The Beauty of Data (Science)

Andres Hernandez, Principal Data Scientist , 03.08.2023

About the author: Andres Hernandez is a Principal Data Scientist at KONUX. Before he joined the company almost 6 years ago, he got a PhD in baryogenesis and gained extensive work experience in quantitative finance. At KONUX, Andres is not only valued for his subject-matter expertise, but also organizes the KONUX Festival of Ideas and is known for his fun and playful approach to work. In the following interview he shares his story of joining KONUX almost 6 years ago, the journey from studying theoretical physics to improving railways in the real world and what it means to him to think wildly, without the pressure of a big milestone.

Hello! Please tell us about yourself… Who are you?

My name is Andres Hernandez. I originally came to Germany from Mexico to study physics, and I got my PhD in theoretical physics at the University of Heidelberg. The topic was baryogenesis, i.e. why there is more matter than antimatter in the universe.

Shortly before finishing my PhD, my wife and I decided we really wanted to stay in Germany, so I looked for a job outside of academia that would give me more stability, but also that would still require me to use mathematics. Quantitative finance presented an interesting opportunity and I worked in that area for almost 9 years.

And then one day I got in contact with an acquaintance who had been doing some interesting things with applications of Reinforcement Learning and Bayesian methods to investment strategies, and he told me he was now working at this Munich startup and that I should come by and interview. I was a bit reluctant because it would mean once more a change of industry, but I agreed and I couldn’t be happier. The interview was such a blast, we spent so long talking about global optimizers and swarm intelligence, and 15 minutes into the interview I was completely sold on the company and coming to work here.

Creative names for projects, memes,… At KONUX, you are quite famous for your creativity and humorous approach to data science.

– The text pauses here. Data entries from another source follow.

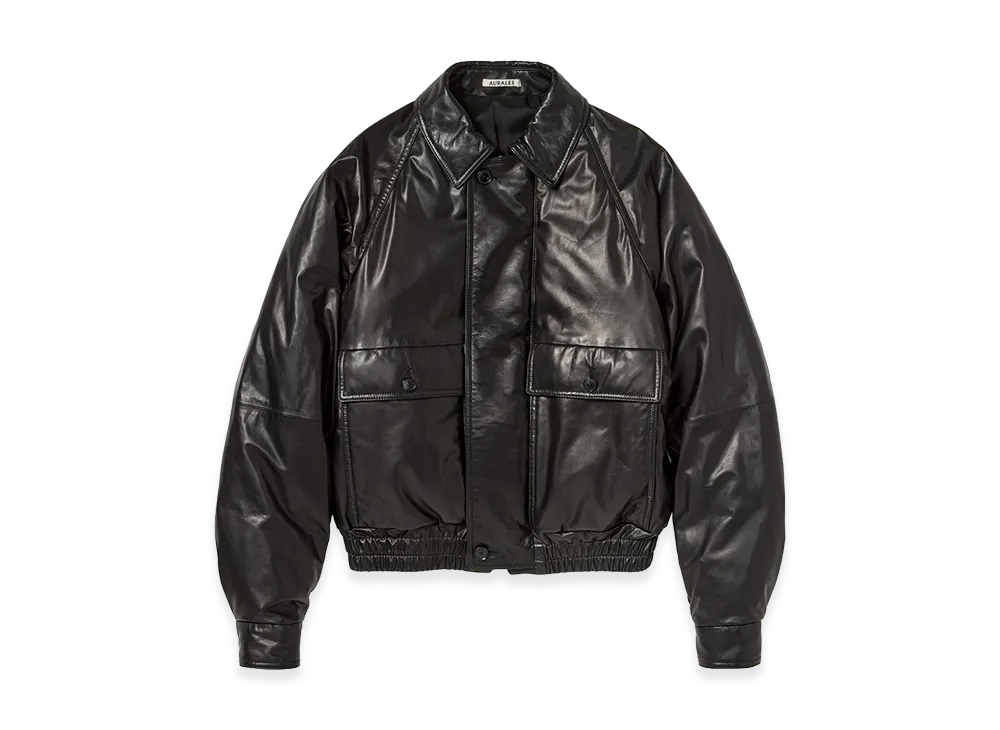 AURALEE Fine Calf Leather Down Blouson "Black"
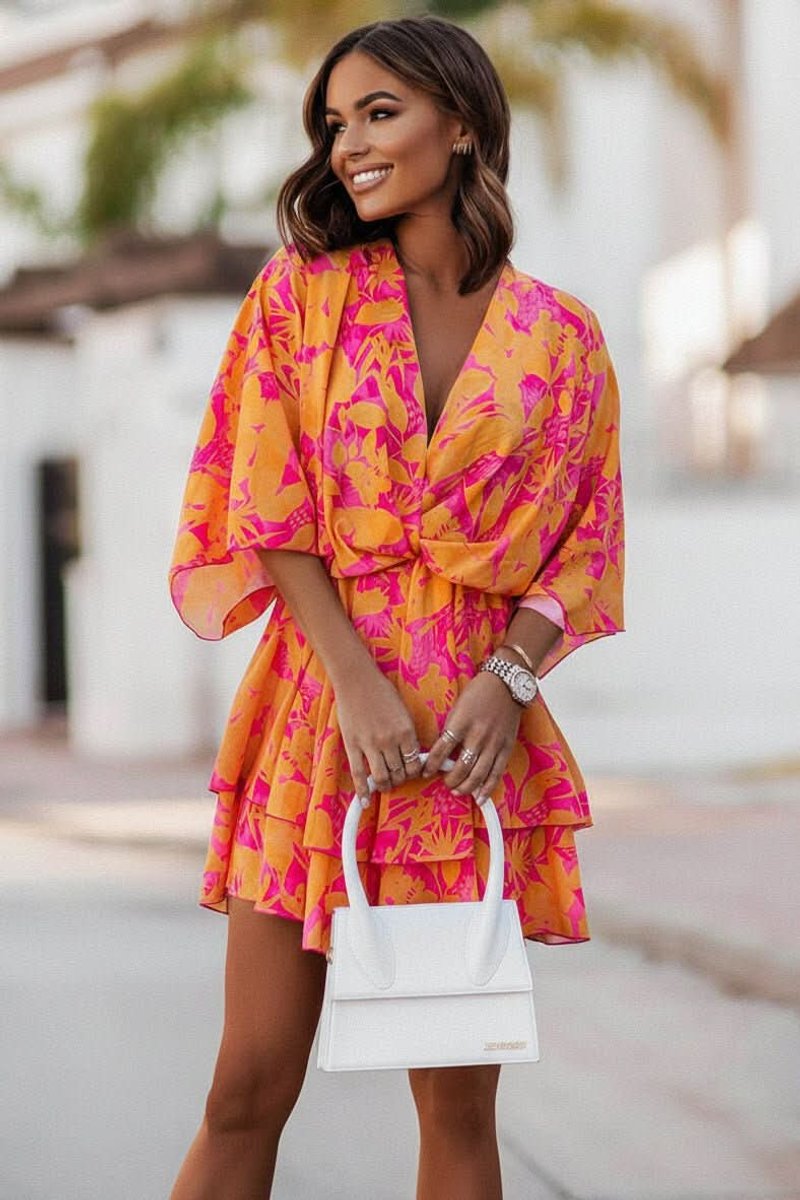Women's Tropical Print Boho Mini Cocktail Dress Flared Tiered - Orange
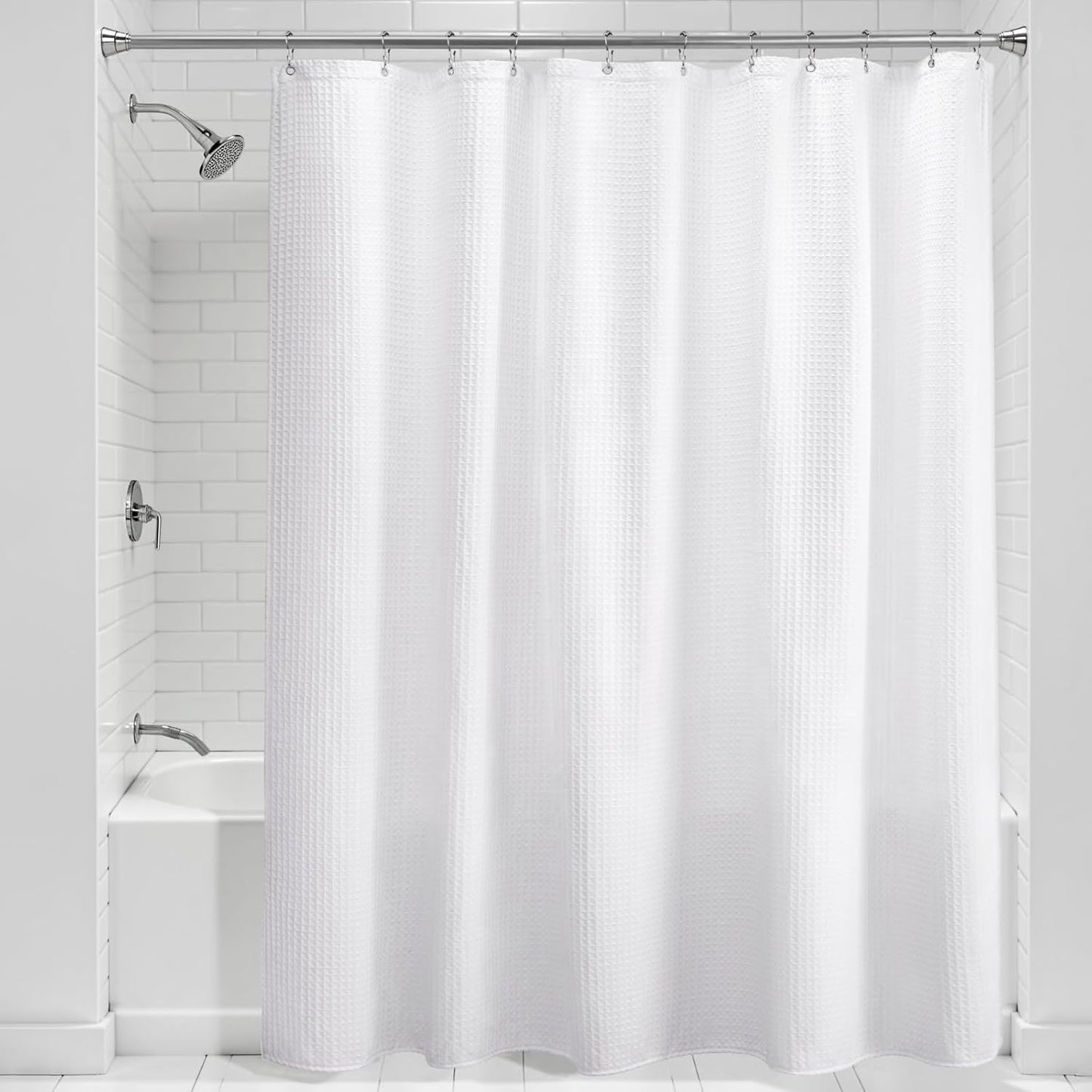 Natural Cotton Touch Shower Curtain Waffle Weave Shower Curtain for Bathroom Fabric White 72Wx72L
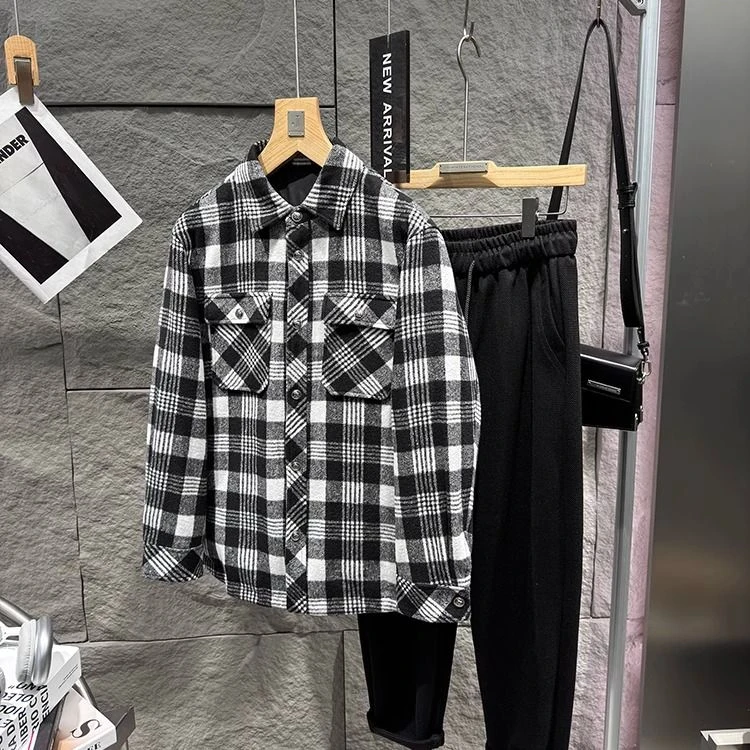 亏!血亏!90白鸭绒+80羊毛!男士格子羽绒服毛呢夹克外套潮22213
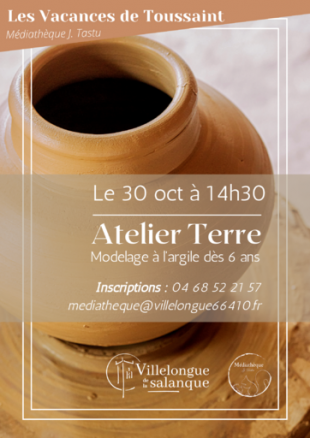 Atelier modelage d'argile | Médiathèque J. Tastu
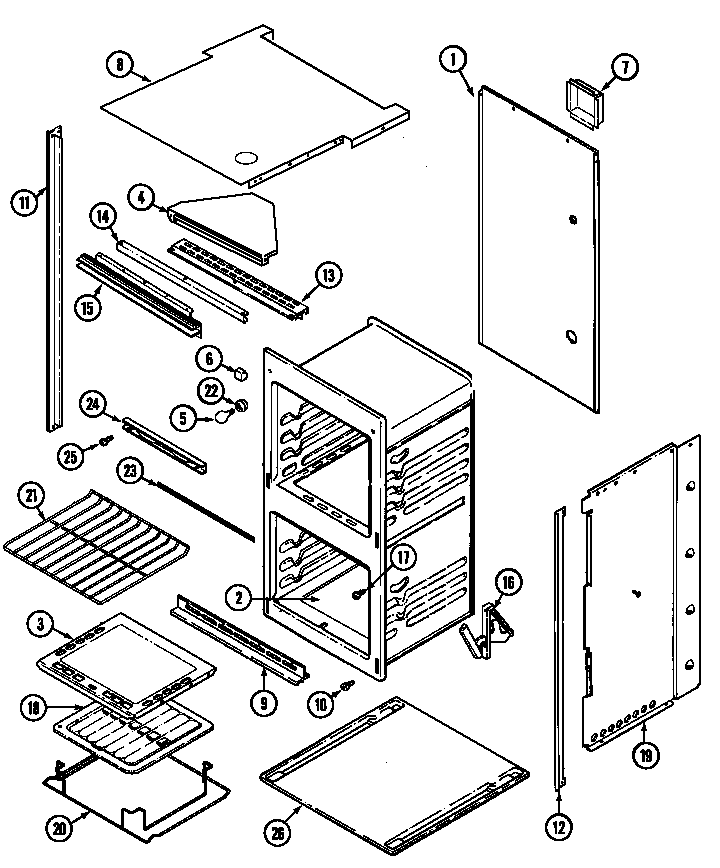 Magic Chef 9122XPB oven/body diagram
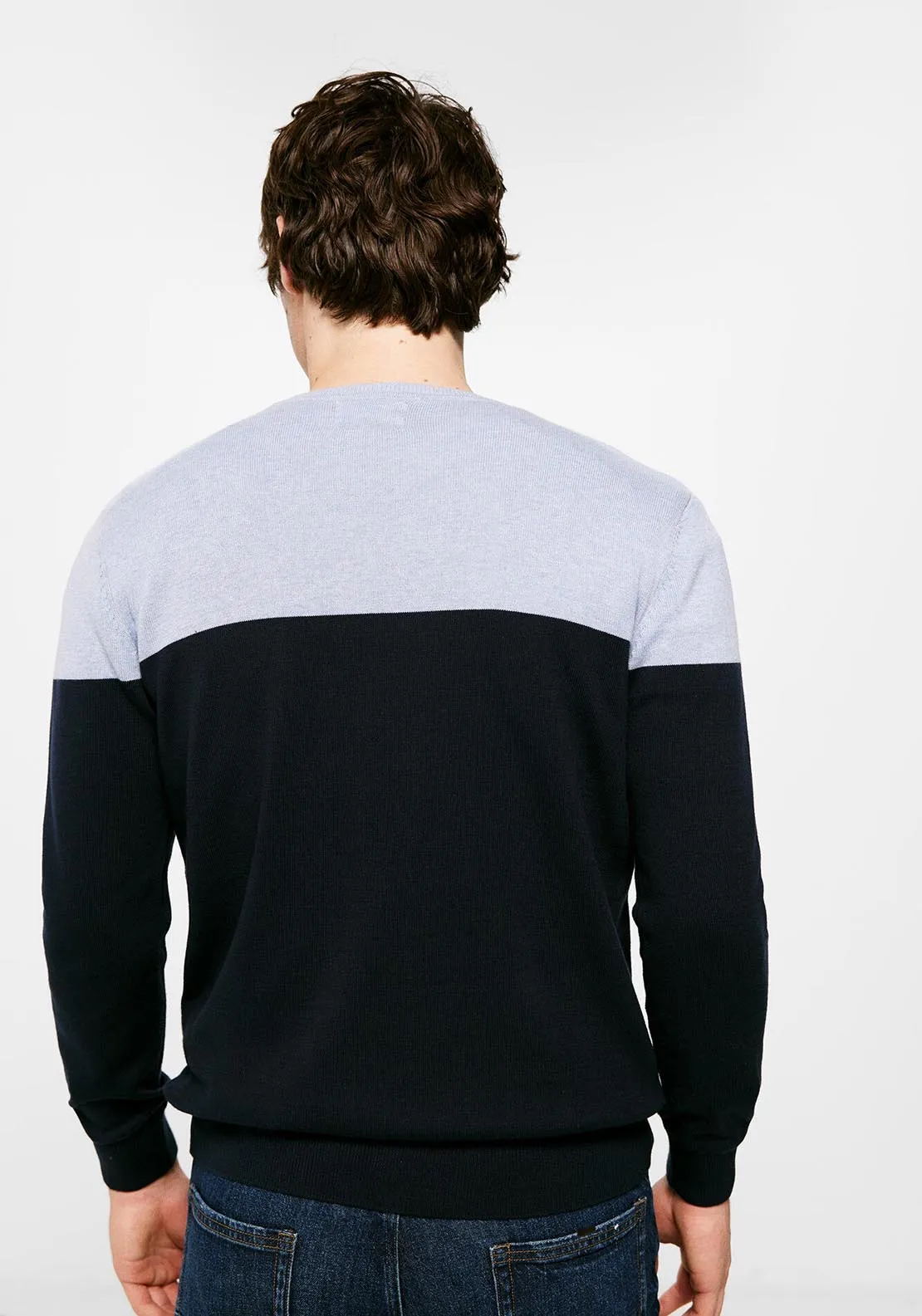 Essential colour block jumper - Blue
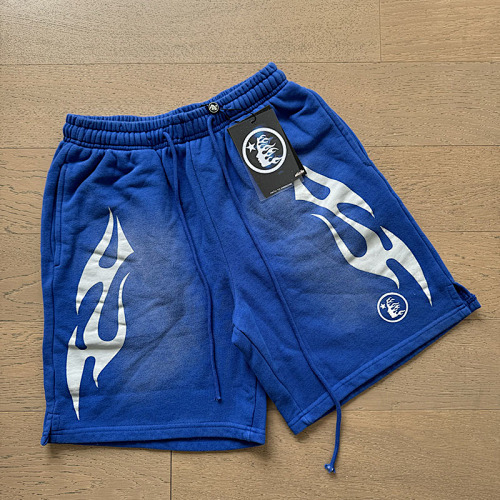 EM Sneakers Hellstar Distressed Casual Shorts #777 Washed Blue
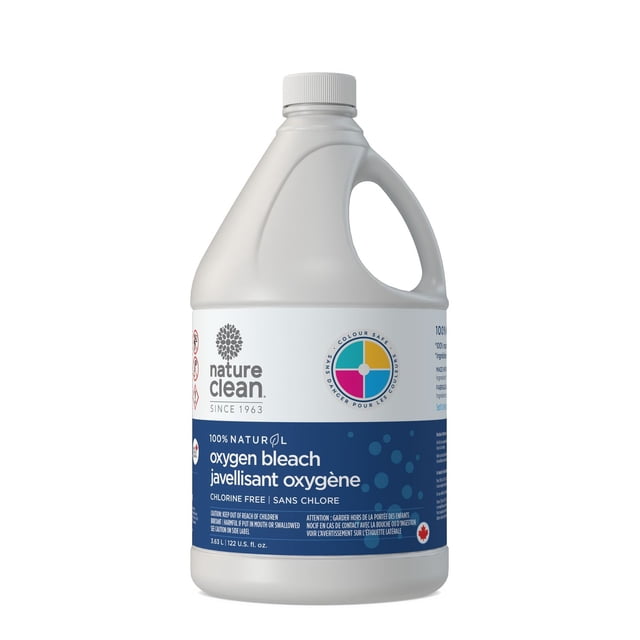 Nature Clean 100% Natural Oxygen Liquid Bleach 3.63L in a white plastic jug with handle and screw cap, labeled chlorine-free and colour safe oxygen bleach with bilingual English and French text and Canadian maple leaf, formulated for environmentally safe laundry whitening.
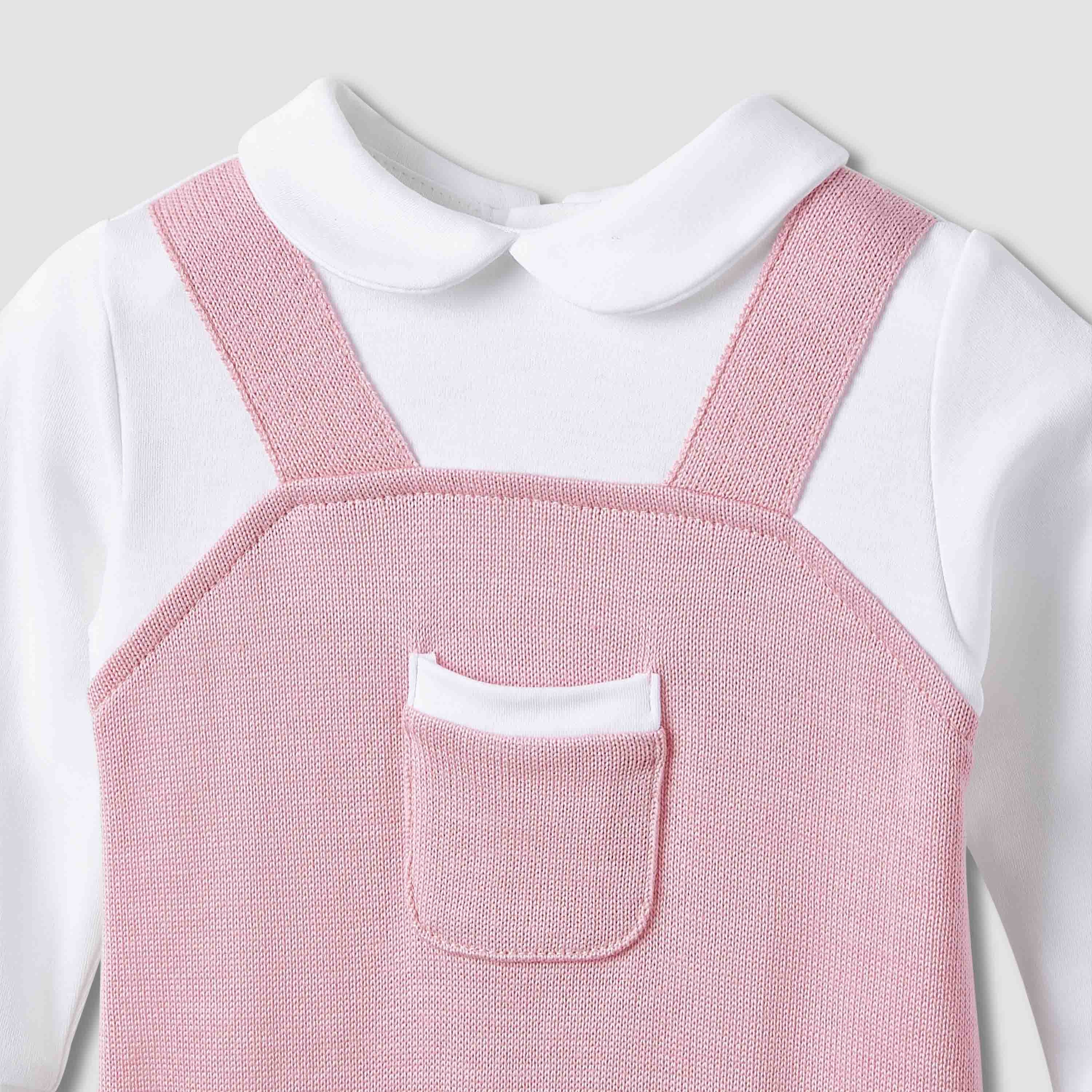 Giggles Peter Pan Collar Sleepsuit with Pocket Detail - Long Sleeves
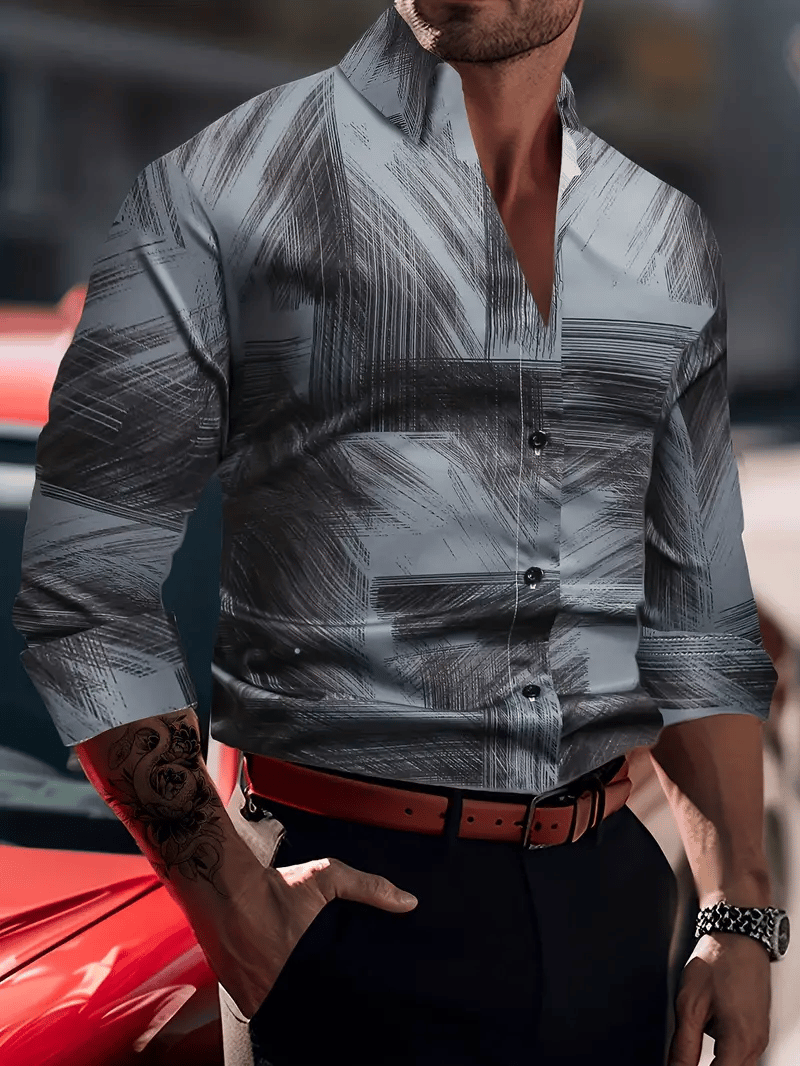 Camisa a cuadros ejecutivo de manga larga para hombre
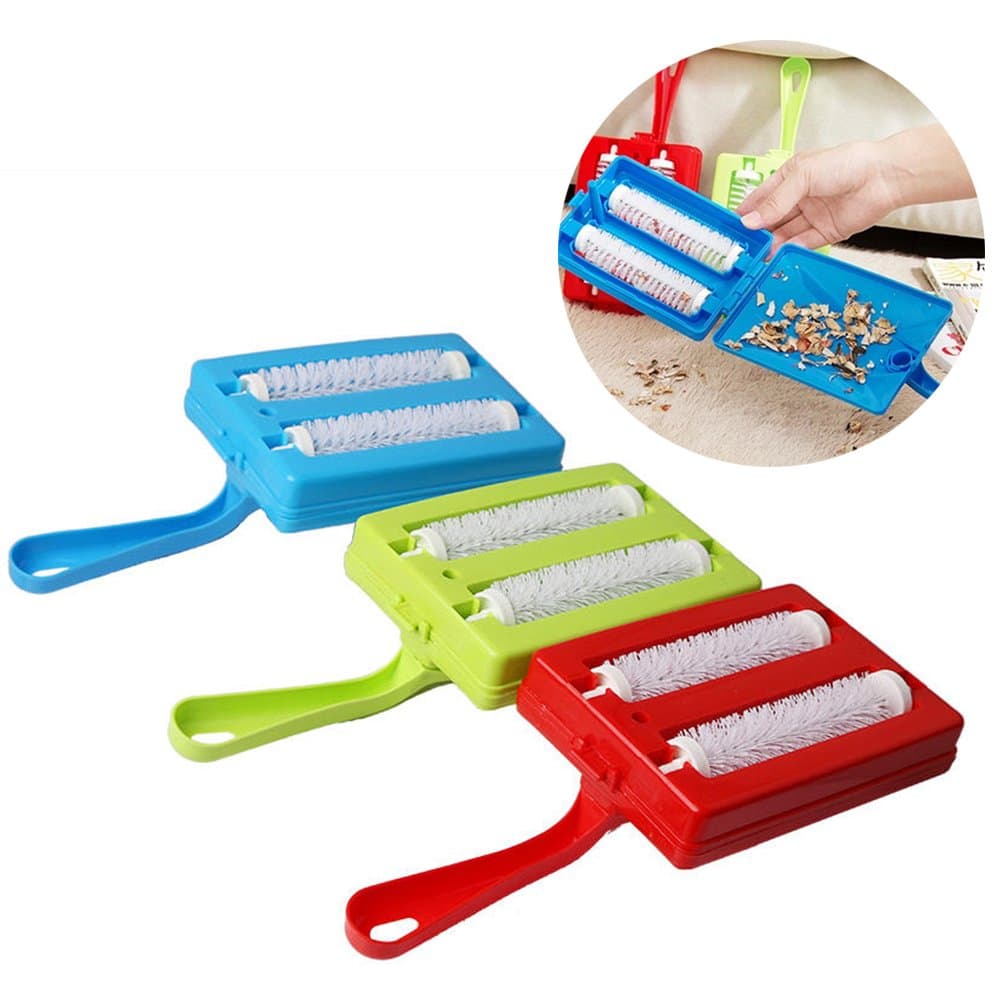 STARE89 Plastic Handheld Carpet Debris Brush, Double Roller Sweepers Sofa Carpet Cleaning Collecting Crumb Dust Hair Home Cleaning Brush(Random Color)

Where’s that coming from?

I am not entirely sure. There is certainly the appreciation for being able to work in an environment that allows that. But also, how awesome is it going to sleep on a Sunday dreaming about all the improvements you want to do to Voltron or Gandalf? I am always careful that the names are fanciful, and reflect the type of media I enjoy, but also that the names have a meaning and are not just chosen at random, e.g. Voltron is an autoencoder that is composed of several parts, each with a specific purpose to try to disentangle the latent space.

It is also a bit of a fun challenge sometimes. Picking a theme, like Middle Earth, and then determining how each of the parts I am currently working on map onto this setting is a fun activity to keep thinking about when I am not working.

One of your signature projects is the work on a "classifier" that allows you to determine properties of the trains in the rail network? Can you tell us about this?

Our main use case is to monitor rail infrastructure by analyzing acceleration measurements made when a train passes over the IIoT device. I like to describe it as similar to an ultrasound in a medical setting, but instead of looking in space, we look in the frequency domain.

Now, that primary use case is complicated because we measure not only the infrastructure, but rather a complex interaction between the train, the temperature, the rails itself and the rocks under the rails. In order to understand what we are measuring, the “response” of the system, it is crucial to be as specific as we can about the “input”: What type of train it was, its speed, the number of axles, and even the weight of each axle. Determining these factors using machine learning and other techniques is something I myself have invested a lot of time into.

The general idea of disentangling the effects of the train from the asset itself has taken several shapes over time. It started as a personal project in line with our moonshot budget, i.e. where we can dedicate 15% of our time to personally directed projects. And I keep coming back to it with new ideas and approaches on how to increase accuracy.

In doing so I have significantly reduced the amount of manual work needed to assemble the corresponding “ground truth” data sets. Thankfully, in the most recent moonshot round we were able to connect and combine the projects from a number of data scientists, such that now we have the tools to automate the entire data pipeline from start to finish. This means we are close to having a solution which will automatically trigger the training of the models as needed, and the labels used in that training will be produced by new models trained on synthetic traces. This is important since when we roll out to larger and larger networks, we need to keep the manual effort at a minimum while guaranteeing reliability of our insights.

In total, we will be able to be much more accurate about what we can say about train speed, weight, length and so on at a fraction of the effort – and this in turn will be a reliable basis for our insights on infrastructure, as well as enable a significantly higher accuracy for our insights about the network traffic.

How does that fit your day-to-day work at KONUX?

I love the chance to choose my own projects and work on the things that I believe will have a big impact on our users, but to do so in a setting where I am allowed to take bigger risks and try things out that I acknowledge might not work, and which with the pressure of a big milestone I might not have felt comfortable attempting.

It is a great opportunity to be even more creative than usual, think wildly or try out the methodology from a paper I might have seen in a conference. Usually it comes down to taking disparate ideas from many different inspirations and bringing them together into a single application. Sometimes it works, sometimes it doesn’t, but I have a lot of fun along the way.